Web page caption snippets
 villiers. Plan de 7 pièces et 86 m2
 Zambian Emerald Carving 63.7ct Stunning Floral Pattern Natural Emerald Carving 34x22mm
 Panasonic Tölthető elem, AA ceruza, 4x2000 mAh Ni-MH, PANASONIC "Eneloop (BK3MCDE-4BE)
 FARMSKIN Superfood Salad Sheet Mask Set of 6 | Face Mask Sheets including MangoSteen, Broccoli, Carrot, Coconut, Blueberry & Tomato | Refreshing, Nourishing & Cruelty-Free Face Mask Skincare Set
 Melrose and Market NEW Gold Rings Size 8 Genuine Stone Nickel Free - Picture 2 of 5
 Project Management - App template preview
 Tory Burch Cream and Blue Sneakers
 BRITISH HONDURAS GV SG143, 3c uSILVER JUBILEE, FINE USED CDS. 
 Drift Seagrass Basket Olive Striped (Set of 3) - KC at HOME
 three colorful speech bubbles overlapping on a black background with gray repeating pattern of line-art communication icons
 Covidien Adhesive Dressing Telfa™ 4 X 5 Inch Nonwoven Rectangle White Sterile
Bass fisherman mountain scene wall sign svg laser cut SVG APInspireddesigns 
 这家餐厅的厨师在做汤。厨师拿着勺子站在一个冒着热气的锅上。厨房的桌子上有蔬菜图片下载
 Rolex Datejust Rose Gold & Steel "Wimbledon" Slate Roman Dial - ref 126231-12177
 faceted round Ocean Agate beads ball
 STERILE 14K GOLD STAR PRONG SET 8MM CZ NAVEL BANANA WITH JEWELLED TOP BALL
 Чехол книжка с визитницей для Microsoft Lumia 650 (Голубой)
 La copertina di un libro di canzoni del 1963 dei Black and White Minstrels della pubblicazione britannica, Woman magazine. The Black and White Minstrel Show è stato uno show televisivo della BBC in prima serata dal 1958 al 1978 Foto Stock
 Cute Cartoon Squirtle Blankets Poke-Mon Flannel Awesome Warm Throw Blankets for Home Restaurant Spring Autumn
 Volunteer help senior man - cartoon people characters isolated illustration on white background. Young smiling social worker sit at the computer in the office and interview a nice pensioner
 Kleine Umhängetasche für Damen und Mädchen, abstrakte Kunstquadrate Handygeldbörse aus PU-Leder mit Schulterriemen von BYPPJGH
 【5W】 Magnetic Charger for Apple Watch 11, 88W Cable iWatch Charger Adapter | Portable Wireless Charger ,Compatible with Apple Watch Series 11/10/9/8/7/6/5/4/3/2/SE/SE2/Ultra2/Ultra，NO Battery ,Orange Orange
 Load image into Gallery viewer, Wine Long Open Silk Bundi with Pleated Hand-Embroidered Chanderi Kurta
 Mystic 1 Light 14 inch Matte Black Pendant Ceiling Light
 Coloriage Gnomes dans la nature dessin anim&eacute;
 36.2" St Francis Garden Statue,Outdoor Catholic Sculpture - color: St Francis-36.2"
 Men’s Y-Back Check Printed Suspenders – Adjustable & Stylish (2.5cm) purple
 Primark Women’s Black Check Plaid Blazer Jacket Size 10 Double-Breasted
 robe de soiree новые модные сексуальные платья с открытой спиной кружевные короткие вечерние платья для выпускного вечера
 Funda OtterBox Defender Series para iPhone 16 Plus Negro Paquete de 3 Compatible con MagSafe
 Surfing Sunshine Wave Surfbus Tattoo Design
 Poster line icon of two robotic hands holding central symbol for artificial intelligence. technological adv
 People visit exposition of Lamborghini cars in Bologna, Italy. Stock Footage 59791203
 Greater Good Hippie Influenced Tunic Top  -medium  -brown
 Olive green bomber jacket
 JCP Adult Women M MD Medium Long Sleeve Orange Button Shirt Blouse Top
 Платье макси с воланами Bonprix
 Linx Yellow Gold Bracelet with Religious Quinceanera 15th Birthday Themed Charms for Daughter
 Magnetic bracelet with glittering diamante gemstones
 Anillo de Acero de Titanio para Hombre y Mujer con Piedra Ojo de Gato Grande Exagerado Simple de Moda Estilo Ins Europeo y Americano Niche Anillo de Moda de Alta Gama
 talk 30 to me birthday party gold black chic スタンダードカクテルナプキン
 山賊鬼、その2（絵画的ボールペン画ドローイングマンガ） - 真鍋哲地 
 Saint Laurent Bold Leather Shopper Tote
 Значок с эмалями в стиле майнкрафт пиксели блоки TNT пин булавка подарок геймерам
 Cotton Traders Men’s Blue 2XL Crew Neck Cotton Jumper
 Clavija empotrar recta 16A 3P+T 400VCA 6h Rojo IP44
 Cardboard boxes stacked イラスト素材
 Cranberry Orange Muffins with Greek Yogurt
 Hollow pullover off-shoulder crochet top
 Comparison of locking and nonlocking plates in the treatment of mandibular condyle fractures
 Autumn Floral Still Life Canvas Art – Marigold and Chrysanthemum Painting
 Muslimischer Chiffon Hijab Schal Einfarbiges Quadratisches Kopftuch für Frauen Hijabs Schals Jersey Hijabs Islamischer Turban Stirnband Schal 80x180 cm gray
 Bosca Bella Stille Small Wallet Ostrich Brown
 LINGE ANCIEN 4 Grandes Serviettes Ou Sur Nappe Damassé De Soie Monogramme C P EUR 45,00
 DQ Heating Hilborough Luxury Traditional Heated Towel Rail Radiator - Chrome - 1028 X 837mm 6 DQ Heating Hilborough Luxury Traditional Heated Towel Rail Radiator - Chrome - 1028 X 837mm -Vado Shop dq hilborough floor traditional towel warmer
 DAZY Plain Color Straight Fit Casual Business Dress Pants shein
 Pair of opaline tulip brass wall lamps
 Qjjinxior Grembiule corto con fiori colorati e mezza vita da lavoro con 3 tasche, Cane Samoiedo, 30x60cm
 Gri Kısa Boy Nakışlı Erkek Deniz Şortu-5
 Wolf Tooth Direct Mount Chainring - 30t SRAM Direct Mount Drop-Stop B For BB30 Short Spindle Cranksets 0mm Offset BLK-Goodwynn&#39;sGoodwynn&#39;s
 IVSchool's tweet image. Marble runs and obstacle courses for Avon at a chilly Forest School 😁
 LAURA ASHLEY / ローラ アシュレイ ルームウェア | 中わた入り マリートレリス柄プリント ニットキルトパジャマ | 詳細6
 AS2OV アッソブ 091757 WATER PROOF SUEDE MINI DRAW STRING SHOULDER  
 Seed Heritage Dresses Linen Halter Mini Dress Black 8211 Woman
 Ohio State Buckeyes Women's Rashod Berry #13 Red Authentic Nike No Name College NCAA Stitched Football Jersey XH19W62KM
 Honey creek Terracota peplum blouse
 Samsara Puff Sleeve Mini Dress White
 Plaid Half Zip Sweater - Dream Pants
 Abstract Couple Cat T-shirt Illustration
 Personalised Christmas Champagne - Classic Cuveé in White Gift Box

=== INSTRUCTIONS TO FOLLOW ===
Among the records above, only the lines between the line holding "Greater Good Hippie" and the line holding "Pair of opaline tulip brass wall lamps", inclusive, are to be output, exactly as written.

=== YOUR SOLUTION ===
 Greater Good Hippie Influenced Tunic Top  -medium  -brown
 Olive green bomber jacket
 JCP Adult Women M MD Medium Long Sleeve Orange Button Shirt Blouse Top
 Платье макси с воланами Bonprix
 Linx Yellow Gold Bracelet with Religious Quinceanera 15th Birthday Themed Charms for Daughter
 Magnetic bracelet with glittering diamante gemstones
 Anillo de Acero de Titanio para Hombre y Mujer con Piedra Ojo de Gato Grande Exagerado Simple de Moda Estilo Ins Europeo y Americano Niche Anillo de Moda de Alta Gama
 talk 30 to me birthday party gold black chic スタンダードカクテルナプキン
 山賊鬼、その2（絵画的ボールペン画ドローイングマンガ） - 真鍋哲地 
 Saint Laurent Bold Leather Shopper Tote
 Значок с эмалями в стиле майнкрафт пиксели блоки TNT пин булавка подарок геймерам
 Cotton Traders Men’s Blue 2XL Crew Neck Cotton Jumper
 Clavija empotrar recta 16A 3P+T 400VCA 6h Rojo IP44
 Cardboard boxes stacked イラスト素材
 Cranberry Orange Muffins with Greek Yogurt
 Hollow pullover off-shoulder crochet top
 Comparison of locking and nonlocking plates in the treatment of mandibular condyle fractures
 Autumn Floral Still Life Canvas Art – Marigold and Chrysanthemum Painting
 Muslimischer Chiffon Hijab Schal Einfarbiges Quadratisches Kopftuch für Frauen Hijabs Schals Jersey Hijabs Islamischer Turban Stirnband Schal 80x180 cm gray
 Bosca Bella Stille Small Wallet Ostrich Brown
 LINGE ANCIEN 4 Grandes Serviettes Ou Sur Nappe Damassé De Soie Monogramme C P EUR 45,00
 DQ Heating Hilborough Luxury Traditional Heated Towel Rail Radiator - Chrome - 1028 X 837mm 6 DQ Heating Hilborough Luxury Traditional Heated Towel Rail Radiator - Chrome - 1028 X 837mm -Vado Shop dq hilborough floor traditional towel warmer
 DAZY Plain Color Straight Fit Casual Business Dress Pants shein
 Pair of opaline tulip brass wall lamps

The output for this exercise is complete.